Il 10 ottobre 1930 nasce Gianni Berengo Gardin, fotografo e amico. Ci sembrava logico, e facile, dedicare la rubrica del lunedì proprio a lui, proponendo la sua biografia, peraltro redatta dalla figlia Susanna. Diciamo da subito che tra le righe non si percepisce un rapporto generazionale, ma molto di più. Oltretutto, ci chiediamo come sia stato possibile ottenere delle risposte dal fotografo, sempre avaro di parole, particolarmente su se stesso. E invece, eccola qui la biografia, ricca anche d’immagini. Ne escono dettagli poco conosciuti, soprattutto per quanto attiene il periodo romano. Per il resto, Berengo emerge come lo abbiamo sempre conosciuto: logico, lucido, attento, anche nel raccontarsi. Nella sua vita c’è ordine, persino nei momenti difficili e incerti; perché la fotografia, come pratica, per lui ha sempre rappresentato un’opportunità in più, da cogliere con entusiasmo e rispetto. Forse qui si potrebbe aprire un dibattito, per comprendere come l’immagine scattata possa rappresentare un modo per vivere, meglio peraltro. Crediamo, con una presunzione amatoriale, che il maestro ligure sia stato felice nel fotografare, avendone compreso il significato più intimo, che però chiamava in causa anche una generosità indispensabile verso il prossimo. «Per avere, bisogna dare», pare suggerire Berengo; che ha trovato nel racconto il suo ambito operativo, muovendosi laddove non si concentravano i luoghi comuni o le tendenze, preferendo la gente semplice, gli individui comuni. Per una vita intera, lui ha cercato momenti significanti, che poi si sarebbero potuti raccogliere per argomento, in uno di quei libri (tanti) che ha amato pubblicare.

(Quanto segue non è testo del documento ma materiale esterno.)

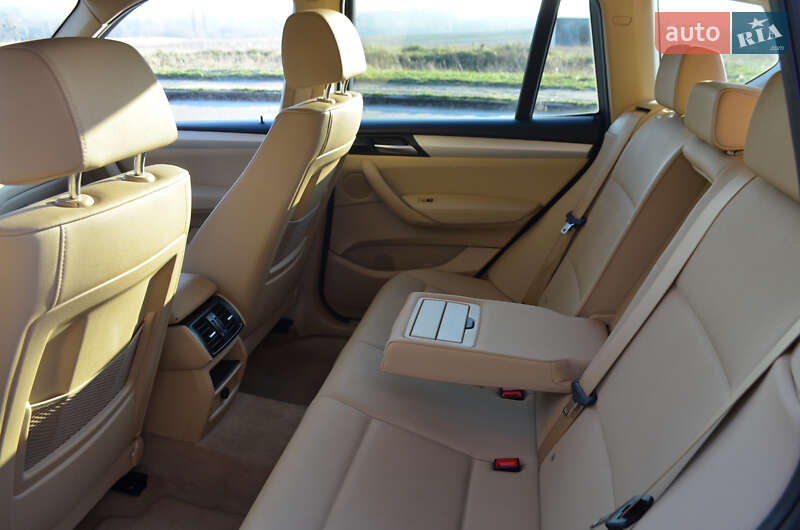 Внедорожник / Кроссовер BMW X3 2013 в Киеве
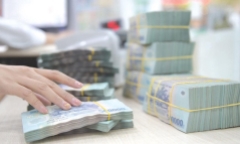 Thủ tướng chỉ đạo kiểm soát chặt lãi suất huy động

Ci siamo allontanati dall’argomento biografia, andando fuori tema; ma per noi parlare del fotografo ligure rappresenta un privilegio, che peraltro cerchiamo spesso. Ebbene, il libro che abbiamo tra le mani rappresenta un modo per mettere ordine all’interno delle nostre stesse idee, evitando così i rischi della leggenda o di quanto si era già sentito dire. E’ bella da leggere questa biografia, con calma e applicazione, dedicando a essa il tempo necessario. C’è molto da comprendere, grattando anche tra le righe.

"In parole povere, immagini, ricordi e incontri"

Auguri Berengo

“In parole povere”, immagini, ricordi e incontri. Edizioni Contrasto (Sinossi)

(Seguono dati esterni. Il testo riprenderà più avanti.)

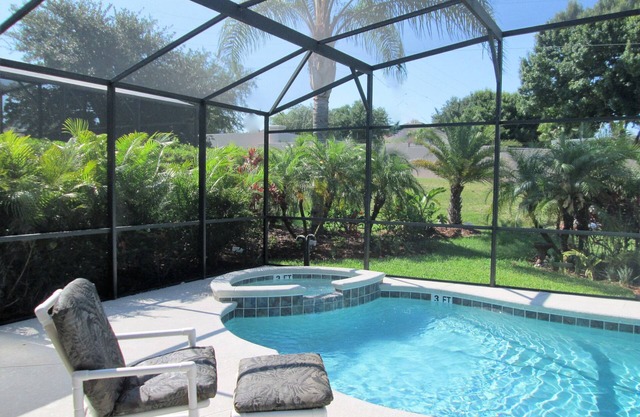 Exceptional Villa Large Private South Facing Pool/Spa Games & Exercise Room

«Se si è veramente fotografi si scatta sempre, anche senza rullino, anche senza macchina fotografica». La fotografia come scelta: l'autobiografia con immagini di Gianni Berengo Gardin, raccolta dalla figlia Susanna, rintraccia il filo di questa passione e lo dipana attraverso una vicenda biografica lunga, piena d’incontri, di viaggi, di storie, di immagini colte e da cogliere. Piena, soprattutto, di quella sensibilità attenta al reale, alla società, alla gente, che da sempre rappresenta il principale bagaglio di cui si deve dotare un fotografo di reportage. Il mondo di Berengo Gardin è il nostro mondo. Il volume si completa con “Una lettera all'amico Gianni”, scritta da Ferdinando Scianna; e una conversazione “sulle fotografie fatte e quelle da fare”, tra Gianni Berengo Gardin e Roberto Koch.

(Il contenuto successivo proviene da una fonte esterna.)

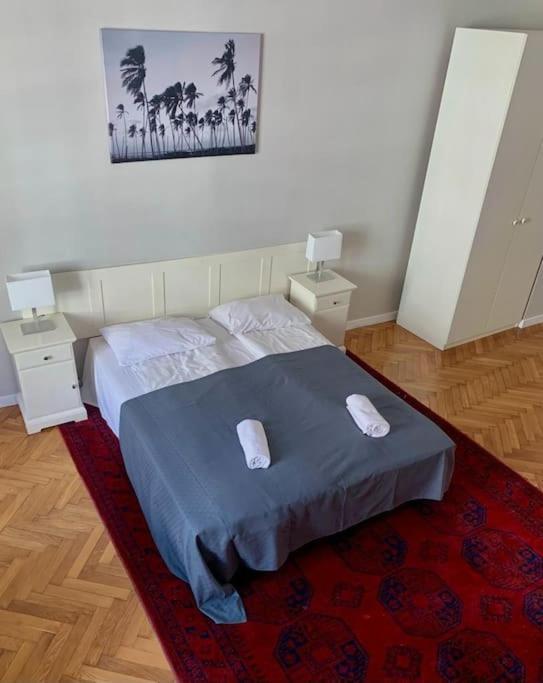 Apartment Florianska Grand 2 *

“La prima volta”, storia di un incontro.

Nel giorno del suo compleanno, abbiamo deciso di regalare all’amico Berengo la storia del nostro primo incontro, sperando di fargli cosa gradita.

Sembrava un bambino. Guardava attraverso il finestrino lo scorrere del paesaggio lombardo. Io ero al suo fianco, sulla corriera che ci stava portando a San Felice sul Panaro, per il Carnevale. Mi sentivo emozionato.

Tutto era iniziato la mattina presto, su indicazioni di Lido Andreella: «Dovresti andare a prendere Gianni Berengo Gardin, a casa sua», aveva detto Lido. «E poi accompagnarlo a Busto Arsizio, da dove partiremo in pullman». «Quando torniamo, lo riporterai indietro». La richiesta era illogica, perché abito a Milano sud; ma per un viaggio col maestro ligure si fa qualsiasi cosa. Mi ero preparato. Avrei voluto parlare di fotografia, e porre infinite domande; ma Berengo si rivelò di poche parole. Rispondeva a monosillabi, quasi con ovvietà. Così preferii tacere, limitandomi a quesiti di circostanza: “Tutto bene?”, “Sta comodo?”.

In pullman lo osservavo con attenzione. Non si era tolto il soprabito e teneva in grembo una piccola borsa. La sua figura emanava precisione, ordine, compostezza.

«Quante fabbriche», disse a un certo punto, ed io ne rimasi meravigliato. Mi sembrava ovvio, scontato. Lui però, più tardi, si lasciò sfuggire altre considerazioni dello stesso tipo, sempre in relazione al paesaggio oltre il finestrino. Compresi così che Berengo non era in gita. Lo interessavano poco le battute “da corriera”, i clamori, e anche quelle canzoni spontanee che, ogni tanto, parevano prendere vita a mo’ di coro. Lui guardava, osservava. Il finestrino diventava la cornice ideale per il suo occhio sempre vigile e acceso. Fotografava.

Durante il viaggio fui invitato a parlare del maestro. Lo feci con un po’ di titubanza, forse addirittura con una timidezza che non mi riconoscevo. Quando parlai dei suoi libri, ne sbagliai il numero e lui mi corresse. Il resto venne fuori quasi d’istinto, automaticamente. Il mio sguardo era sempre su di lui, in cerca di consenso; quando tornai al posto, Berengo volgeva già lo sguardo al paesaggio. Fotografava ancora.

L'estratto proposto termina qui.